Data records:

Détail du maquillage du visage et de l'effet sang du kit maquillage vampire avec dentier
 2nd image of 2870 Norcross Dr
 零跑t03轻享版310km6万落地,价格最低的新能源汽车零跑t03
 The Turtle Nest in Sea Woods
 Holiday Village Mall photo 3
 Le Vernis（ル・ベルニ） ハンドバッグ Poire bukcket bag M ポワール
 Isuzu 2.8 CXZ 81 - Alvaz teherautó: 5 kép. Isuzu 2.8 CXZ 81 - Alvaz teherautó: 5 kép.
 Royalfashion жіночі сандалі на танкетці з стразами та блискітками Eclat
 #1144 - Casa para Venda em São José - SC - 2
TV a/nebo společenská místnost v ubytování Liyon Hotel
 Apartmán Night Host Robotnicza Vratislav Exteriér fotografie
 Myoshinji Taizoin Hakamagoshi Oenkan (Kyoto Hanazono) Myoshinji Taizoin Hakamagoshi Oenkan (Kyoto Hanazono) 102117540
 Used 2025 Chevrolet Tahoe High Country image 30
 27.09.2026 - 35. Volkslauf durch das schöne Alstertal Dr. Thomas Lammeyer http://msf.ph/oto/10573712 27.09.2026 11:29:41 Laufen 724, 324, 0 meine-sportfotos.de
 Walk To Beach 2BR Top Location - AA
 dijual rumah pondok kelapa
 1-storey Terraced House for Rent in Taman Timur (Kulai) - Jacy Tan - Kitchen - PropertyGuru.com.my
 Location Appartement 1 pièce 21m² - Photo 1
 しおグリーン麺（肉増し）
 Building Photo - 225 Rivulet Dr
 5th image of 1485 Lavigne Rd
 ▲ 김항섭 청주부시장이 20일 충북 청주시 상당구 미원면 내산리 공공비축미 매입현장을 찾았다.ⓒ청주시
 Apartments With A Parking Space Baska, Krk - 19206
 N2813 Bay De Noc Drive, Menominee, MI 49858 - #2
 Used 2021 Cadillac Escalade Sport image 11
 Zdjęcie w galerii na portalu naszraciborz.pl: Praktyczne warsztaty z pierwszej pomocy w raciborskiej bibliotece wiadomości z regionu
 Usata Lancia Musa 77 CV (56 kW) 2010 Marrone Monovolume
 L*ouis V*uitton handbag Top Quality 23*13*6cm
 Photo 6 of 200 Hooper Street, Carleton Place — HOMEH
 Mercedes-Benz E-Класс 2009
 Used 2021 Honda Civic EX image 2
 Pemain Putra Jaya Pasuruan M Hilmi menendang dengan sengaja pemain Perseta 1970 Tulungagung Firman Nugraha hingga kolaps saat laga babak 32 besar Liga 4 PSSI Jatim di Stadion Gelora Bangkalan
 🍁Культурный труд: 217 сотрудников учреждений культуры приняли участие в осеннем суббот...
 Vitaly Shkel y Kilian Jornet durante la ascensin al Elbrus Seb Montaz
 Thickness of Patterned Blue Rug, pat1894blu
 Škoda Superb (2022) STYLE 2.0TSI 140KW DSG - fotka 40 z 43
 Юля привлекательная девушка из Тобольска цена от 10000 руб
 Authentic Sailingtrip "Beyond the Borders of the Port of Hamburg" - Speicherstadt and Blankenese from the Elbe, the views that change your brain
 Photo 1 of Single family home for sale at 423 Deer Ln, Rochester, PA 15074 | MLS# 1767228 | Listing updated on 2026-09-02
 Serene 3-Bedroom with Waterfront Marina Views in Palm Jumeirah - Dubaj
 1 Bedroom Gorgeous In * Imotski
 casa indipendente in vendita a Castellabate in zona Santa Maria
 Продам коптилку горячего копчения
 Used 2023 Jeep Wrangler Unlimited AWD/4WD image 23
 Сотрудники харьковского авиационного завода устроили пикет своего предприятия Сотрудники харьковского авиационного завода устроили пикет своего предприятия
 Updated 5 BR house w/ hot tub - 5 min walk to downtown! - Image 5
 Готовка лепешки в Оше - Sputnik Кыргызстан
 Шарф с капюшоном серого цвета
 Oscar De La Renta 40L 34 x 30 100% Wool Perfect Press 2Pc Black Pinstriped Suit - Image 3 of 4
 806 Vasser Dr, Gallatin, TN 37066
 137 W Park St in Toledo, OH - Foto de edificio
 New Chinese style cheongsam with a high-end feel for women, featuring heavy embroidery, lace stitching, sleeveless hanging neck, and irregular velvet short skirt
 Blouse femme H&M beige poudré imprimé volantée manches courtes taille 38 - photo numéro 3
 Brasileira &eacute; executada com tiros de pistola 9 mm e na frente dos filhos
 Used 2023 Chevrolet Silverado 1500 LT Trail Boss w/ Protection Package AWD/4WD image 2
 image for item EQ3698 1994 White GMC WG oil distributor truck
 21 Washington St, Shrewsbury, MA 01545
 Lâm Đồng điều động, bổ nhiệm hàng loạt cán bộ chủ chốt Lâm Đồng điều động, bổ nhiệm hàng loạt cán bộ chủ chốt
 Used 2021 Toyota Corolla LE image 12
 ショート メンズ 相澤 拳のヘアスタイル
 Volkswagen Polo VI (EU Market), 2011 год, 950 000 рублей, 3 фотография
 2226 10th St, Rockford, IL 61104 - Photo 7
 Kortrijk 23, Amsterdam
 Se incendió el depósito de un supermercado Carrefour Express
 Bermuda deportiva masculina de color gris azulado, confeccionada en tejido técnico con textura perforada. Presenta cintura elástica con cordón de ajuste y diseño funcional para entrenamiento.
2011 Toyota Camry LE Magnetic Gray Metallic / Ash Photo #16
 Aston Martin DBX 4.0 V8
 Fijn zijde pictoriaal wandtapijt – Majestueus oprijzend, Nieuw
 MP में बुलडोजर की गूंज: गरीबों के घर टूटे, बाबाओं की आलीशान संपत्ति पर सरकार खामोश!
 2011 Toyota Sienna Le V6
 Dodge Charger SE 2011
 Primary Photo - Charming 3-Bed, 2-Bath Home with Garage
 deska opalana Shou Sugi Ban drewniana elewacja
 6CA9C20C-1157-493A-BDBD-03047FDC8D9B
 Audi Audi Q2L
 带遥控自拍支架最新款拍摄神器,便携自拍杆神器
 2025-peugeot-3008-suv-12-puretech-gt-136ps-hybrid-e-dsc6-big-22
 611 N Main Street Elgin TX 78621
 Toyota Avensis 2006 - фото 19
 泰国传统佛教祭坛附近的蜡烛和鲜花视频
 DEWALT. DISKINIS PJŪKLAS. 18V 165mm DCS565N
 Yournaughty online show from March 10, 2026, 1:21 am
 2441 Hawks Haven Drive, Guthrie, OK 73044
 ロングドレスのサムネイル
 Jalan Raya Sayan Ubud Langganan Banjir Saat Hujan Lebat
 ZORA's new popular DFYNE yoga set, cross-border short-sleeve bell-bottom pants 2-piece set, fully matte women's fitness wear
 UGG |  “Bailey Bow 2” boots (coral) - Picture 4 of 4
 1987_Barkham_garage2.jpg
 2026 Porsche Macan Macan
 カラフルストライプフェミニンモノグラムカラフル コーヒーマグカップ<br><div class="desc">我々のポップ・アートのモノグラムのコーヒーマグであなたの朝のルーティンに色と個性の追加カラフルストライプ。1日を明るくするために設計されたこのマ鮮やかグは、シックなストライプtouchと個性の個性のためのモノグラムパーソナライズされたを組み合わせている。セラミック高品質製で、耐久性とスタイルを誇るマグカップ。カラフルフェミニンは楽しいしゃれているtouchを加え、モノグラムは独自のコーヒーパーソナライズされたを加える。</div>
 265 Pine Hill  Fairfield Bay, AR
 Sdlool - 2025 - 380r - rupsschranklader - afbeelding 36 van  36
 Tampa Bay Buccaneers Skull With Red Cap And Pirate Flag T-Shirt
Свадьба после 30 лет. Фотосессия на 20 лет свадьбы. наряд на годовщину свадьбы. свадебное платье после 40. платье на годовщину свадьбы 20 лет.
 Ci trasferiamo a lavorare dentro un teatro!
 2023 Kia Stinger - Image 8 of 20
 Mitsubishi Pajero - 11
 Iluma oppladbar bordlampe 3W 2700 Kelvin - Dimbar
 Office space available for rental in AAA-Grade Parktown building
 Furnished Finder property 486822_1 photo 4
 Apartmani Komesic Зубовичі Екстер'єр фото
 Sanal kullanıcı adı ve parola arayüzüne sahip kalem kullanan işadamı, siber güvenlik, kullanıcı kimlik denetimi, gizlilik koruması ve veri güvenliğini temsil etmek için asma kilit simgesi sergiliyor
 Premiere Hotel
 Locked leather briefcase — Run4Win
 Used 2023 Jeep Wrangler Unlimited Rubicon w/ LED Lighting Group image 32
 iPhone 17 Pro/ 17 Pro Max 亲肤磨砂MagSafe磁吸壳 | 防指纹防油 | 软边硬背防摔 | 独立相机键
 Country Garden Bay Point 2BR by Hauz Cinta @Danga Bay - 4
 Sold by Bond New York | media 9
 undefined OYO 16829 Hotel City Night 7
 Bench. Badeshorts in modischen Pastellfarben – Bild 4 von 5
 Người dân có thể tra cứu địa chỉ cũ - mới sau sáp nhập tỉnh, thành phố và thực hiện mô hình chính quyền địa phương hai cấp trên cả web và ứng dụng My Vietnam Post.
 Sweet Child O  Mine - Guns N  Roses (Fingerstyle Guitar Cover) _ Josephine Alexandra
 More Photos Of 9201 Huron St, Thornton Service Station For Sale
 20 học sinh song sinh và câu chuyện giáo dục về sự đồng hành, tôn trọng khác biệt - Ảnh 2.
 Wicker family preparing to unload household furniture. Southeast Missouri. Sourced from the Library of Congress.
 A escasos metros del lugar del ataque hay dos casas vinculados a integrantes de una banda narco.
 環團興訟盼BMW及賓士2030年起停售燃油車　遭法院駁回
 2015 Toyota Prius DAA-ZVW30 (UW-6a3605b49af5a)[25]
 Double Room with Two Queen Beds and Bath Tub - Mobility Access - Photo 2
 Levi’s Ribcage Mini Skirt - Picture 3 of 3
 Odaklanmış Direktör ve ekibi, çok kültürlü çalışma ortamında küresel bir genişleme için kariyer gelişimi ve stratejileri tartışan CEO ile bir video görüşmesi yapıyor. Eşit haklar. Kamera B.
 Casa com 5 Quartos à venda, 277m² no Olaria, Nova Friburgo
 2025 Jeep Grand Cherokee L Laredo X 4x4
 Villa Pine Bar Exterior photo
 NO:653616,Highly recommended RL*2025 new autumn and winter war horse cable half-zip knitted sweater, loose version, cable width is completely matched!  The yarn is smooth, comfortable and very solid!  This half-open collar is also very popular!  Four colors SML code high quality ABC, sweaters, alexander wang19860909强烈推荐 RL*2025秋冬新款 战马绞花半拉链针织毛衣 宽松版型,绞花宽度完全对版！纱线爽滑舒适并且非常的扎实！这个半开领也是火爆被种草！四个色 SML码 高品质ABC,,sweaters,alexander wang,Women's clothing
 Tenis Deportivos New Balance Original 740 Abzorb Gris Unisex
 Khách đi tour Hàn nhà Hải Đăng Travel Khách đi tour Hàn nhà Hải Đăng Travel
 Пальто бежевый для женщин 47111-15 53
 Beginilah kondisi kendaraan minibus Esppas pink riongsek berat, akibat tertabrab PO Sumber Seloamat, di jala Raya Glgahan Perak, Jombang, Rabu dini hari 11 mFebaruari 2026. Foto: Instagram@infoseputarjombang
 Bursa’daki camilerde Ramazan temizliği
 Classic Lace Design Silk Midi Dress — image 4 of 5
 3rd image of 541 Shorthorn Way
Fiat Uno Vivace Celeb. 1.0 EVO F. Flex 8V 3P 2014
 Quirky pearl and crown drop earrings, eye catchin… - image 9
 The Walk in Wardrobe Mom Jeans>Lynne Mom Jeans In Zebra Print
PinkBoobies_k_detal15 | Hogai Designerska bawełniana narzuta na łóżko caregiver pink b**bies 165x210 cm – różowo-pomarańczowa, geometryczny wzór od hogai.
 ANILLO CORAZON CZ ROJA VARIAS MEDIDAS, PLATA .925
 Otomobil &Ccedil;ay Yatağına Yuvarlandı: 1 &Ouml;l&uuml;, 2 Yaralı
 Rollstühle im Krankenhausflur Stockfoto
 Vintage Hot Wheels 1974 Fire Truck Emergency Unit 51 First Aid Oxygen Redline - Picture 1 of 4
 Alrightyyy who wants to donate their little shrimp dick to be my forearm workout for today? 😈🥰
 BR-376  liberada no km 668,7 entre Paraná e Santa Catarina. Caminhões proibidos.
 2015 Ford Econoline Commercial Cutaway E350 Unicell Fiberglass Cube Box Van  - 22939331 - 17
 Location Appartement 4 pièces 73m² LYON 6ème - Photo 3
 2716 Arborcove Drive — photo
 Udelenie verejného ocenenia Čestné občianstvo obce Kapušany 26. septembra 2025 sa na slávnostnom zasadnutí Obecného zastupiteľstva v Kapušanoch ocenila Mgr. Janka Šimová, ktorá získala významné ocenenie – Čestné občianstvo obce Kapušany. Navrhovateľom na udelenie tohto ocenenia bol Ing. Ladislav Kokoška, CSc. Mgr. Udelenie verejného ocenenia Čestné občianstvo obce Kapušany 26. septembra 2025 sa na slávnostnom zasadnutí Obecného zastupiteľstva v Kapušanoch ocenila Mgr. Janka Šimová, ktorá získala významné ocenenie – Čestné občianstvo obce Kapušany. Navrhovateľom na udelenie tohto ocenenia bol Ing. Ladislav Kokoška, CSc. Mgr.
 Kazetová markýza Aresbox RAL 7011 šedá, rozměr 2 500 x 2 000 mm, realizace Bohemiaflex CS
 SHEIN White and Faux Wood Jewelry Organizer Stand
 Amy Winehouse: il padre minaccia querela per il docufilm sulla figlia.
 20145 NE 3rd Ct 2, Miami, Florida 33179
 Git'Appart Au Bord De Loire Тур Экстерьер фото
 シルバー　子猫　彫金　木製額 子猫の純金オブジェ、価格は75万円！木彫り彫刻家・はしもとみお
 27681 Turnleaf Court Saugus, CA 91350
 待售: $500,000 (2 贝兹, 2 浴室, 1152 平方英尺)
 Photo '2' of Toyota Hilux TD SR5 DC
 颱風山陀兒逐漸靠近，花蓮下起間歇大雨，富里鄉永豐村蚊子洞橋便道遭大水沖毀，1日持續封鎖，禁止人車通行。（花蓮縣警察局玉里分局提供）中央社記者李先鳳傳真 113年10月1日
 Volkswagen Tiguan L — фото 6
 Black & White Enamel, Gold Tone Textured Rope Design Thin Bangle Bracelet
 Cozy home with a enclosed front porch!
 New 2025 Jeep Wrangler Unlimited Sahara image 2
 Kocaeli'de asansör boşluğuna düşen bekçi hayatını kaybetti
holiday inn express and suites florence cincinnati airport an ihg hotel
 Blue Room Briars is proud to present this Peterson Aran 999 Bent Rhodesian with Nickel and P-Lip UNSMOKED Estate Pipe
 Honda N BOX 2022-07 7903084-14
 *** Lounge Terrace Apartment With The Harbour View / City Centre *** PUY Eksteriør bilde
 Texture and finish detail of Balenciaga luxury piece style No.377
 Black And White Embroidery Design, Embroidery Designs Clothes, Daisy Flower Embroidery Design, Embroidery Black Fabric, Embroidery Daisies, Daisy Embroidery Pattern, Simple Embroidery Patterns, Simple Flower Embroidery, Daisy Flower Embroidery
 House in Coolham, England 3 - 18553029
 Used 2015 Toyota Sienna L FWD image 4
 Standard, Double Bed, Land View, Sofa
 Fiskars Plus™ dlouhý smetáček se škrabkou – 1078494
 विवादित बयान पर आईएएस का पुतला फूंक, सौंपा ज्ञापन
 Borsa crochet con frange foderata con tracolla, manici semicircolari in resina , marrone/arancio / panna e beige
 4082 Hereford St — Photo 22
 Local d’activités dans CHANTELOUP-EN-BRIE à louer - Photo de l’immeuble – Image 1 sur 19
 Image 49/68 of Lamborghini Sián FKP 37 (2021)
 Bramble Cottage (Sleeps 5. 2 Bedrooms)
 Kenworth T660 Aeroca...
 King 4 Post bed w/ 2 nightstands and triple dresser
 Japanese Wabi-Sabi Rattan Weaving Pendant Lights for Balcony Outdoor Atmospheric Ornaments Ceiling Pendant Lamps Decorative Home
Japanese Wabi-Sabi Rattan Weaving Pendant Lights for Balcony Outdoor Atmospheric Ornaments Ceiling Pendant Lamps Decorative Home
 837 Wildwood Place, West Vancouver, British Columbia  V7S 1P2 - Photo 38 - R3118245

Task to carry out:
How many lines in the entries above hold the word "Lights"? Reply with the number by itself.

Output for this task:
2